Yandri juga menekankan pemerintah perlu adil dalam membantu sarana dan prasarana pesantren, baik itu negeri maupun swasta.
Di samping itu, Yandri mengungkapkan bahwa Al-Khairiyah merupakan salah satu organisasi massa (ormas) Islam tertua di Indonesia.
Namun dalam kunjungan itu, ia mengungkapkan keprihatinannya setelah mengamati sarana dan prasarana yang ada di madrasah.
"Komisi VIII hari ini berkunjung ke Al-Khairiyah, salah satu ormas Islam yang lahir sebelum Indonesia merdeka. Banyak sekali yang kita dapatkan kali ini. Salah satunya, sarana prasarana madrasah dari tingkat bawah sampai aliyyah (atas) masih banyak yang memprihatinkan," ungkap dia.
Untuk mengatasi hal itu, Yandri meminta pemerintah, khususnya Kementerian Agama serta Kementerian Keuangan untuk meningkatkan anggaran madrasah dan pondok pesantren.
"Kita minta kepada pemerintah, khususnya Kementerian Agama dan Kementerian Keuangan, untuk turut meningkatkan anggaran madrasah dan pondok pesantren," kata dia.
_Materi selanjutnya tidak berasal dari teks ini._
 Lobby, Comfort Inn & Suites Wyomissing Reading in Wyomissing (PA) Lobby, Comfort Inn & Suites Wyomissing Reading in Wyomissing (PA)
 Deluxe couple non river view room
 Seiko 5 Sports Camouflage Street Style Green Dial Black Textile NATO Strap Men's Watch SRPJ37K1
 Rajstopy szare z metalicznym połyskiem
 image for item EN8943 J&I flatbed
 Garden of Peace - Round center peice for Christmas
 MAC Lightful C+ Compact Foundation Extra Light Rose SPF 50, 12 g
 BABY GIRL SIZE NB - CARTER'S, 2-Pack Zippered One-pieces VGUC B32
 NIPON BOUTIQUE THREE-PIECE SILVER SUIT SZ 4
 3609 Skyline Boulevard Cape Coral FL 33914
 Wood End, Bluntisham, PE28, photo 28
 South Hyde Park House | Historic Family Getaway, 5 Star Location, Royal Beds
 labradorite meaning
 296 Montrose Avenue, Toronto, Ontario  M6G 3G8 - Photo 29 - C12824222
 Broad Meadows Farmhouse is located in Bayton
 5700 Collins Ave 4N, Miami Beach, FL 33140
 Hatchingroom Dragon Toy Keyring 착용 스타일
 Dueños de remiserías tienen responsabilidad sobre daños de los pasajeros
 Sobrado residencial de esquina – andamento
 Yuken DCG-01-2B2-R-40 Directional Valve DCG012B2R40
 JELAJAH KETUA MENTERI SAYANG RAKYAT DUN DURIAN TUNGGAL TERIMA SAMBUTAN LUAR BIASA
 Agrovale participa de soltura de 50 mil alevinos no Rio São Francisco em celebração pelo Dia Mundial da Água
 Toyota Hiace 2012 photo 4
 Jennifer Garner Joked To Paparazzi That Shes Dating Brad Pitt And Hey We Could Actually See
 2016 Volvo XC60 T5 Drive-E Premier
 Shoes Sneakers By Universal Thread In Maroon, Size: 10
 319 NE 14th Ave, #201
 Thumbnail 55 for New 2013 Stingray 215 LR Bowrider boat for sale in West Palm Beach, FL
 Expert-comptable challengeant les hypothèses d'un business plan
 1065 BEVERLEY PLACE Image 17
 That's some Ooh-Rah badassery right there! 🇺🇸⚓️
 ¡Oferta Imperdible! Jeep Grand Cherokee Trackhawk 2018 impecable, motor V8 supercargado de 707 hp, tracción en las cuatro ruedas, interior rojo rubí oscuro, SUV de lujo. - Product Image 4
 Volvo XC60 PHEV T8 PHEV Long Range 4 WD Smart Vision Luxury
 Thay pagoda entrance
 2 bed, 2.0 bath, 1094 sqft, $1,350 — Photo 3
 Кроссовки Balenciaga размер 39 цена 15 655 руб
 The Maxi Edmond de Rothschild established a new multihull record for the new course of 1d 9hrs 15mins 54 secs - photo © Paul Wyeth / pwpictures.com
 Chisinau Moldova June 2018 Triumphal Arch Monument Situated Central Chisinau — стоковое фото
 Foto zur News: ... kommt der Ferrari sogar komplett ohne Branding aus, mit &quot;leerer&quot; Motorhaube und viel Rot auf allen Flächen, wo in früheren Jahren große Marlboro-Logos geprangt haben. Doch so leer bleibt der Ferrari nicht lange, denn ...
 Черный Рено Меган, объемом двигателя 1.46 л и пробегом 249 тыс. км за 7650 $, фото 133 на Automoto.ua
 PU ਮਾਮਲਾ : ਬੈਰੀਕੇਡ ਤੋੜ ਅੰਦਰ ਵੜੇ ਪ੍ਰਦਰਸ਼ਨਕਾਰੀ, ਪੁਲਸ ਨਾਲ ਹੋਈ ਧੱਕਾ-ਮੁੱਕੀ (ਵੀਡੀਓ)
Lebih lanjut, Ketua Komisi VIII DPR RI ini menanggapi persoalan informasi yang tengah berkembang di masyarakat terkait bencana yang akan segera melanda lingkungan mereka."Kemudian masalah bencana yang tadi disampaikan bahwa akan ada tsunami dan bencana lainnya, itu pentingnya mitigasi yang tepat dan cara berkomunikasi yang tepat," jelasnya.
Dengan demikian, lanjut Yandi, masyarakat tidak menjadi korban dari informasi yang belum tentu benar."Karena kalau ada isu tsunami 8 meter, apalagi di Cilegon yang banyak industri strategis, bukan tsunami itu yang ditakuti, justru dampak tsunami itu kalau pabrik atau industri kimia meledak," kata Yandi.